Let me start by quoting Bill Ivey, from the Middleweb listserv:
"In many years past, to avoid or at least mitigate the onset of the winter blahs, we have started a thread designed to help us look to the positives at a time when our challenges are threatening to overwhelm some of us. The tone of some of our current discussions suggests it might be time for such a thread. So I'll have a go... with a variant on an end-of-the-year activity suggested on [the Middleweb] list..."

This inspired me to write the posting below, which was followed by many far more eloquent ones by other Middleweb members. Anyways, here's my go:



I stand for Tom.

Tom was probably the biggest bully in grade 7. He ended up in my advisory class in grade 8 and, honestly, didn't have a much better year. He behaved atrociously in the math class that one of my friends taught, and I can remember far too many meetings where we teachers worried about his influence on some of our meeker students. I only had him for drama class and it took a full two months before he'd willingly participate. But once I saw him playing a little old lady in an improv skit I could suddenly see there was a light gleaming deep in him somewhere.

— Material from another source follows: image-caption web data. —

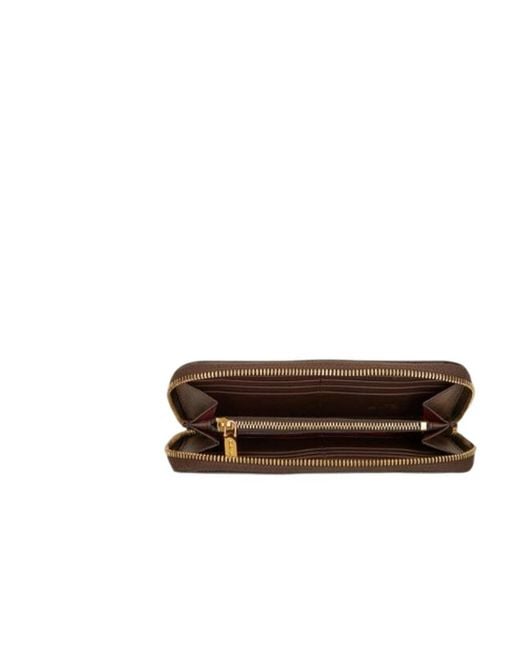 Etro Brown Wallets & Cardholders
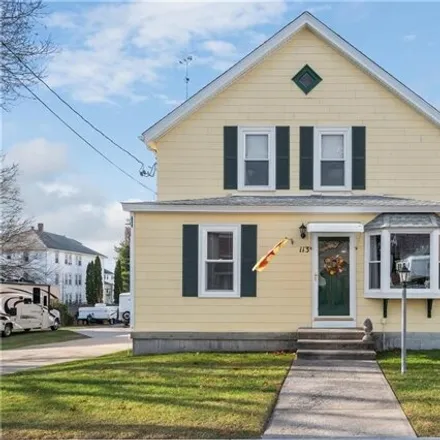Buy this 5 bed house on 109 in 113 Cleveland Street, Woonsocket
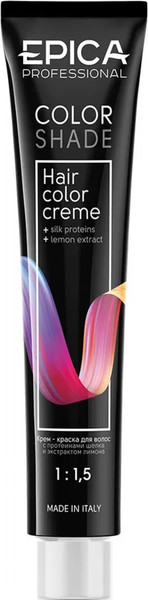 Изображение товара Крем-краска для волос Epica Professional Colorshade 10.6S (100мл, светлый блондин роза)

In grade 9 he started growing up. He began dating one of the kindest girls in his grade and he softened. He was even willing to wear the wildly coloured shorts he'd sewn in home ec. class around the school (not that anyone would have dared laugh at him!). Once he hit high school, he initially struggled but he figured it out.

Tonight, while I was at the store deciding on what kind of cookies I needed to get me through a session of marking math tests, I met up with Tom for the first time in about 5 years and we chatted a bit. He made it through high school, and is now in college and working part-time at the grocery store. He's become a fine young man.

So tomorrow, when I go into my classroom and despair over how one student has lost her writing journal yet again, or how another is breeding fruitflies in his locker, I'm going to take comfort in the fact that, despite those rough middle school years, Tom turned out okay. And if he can do it, so will they.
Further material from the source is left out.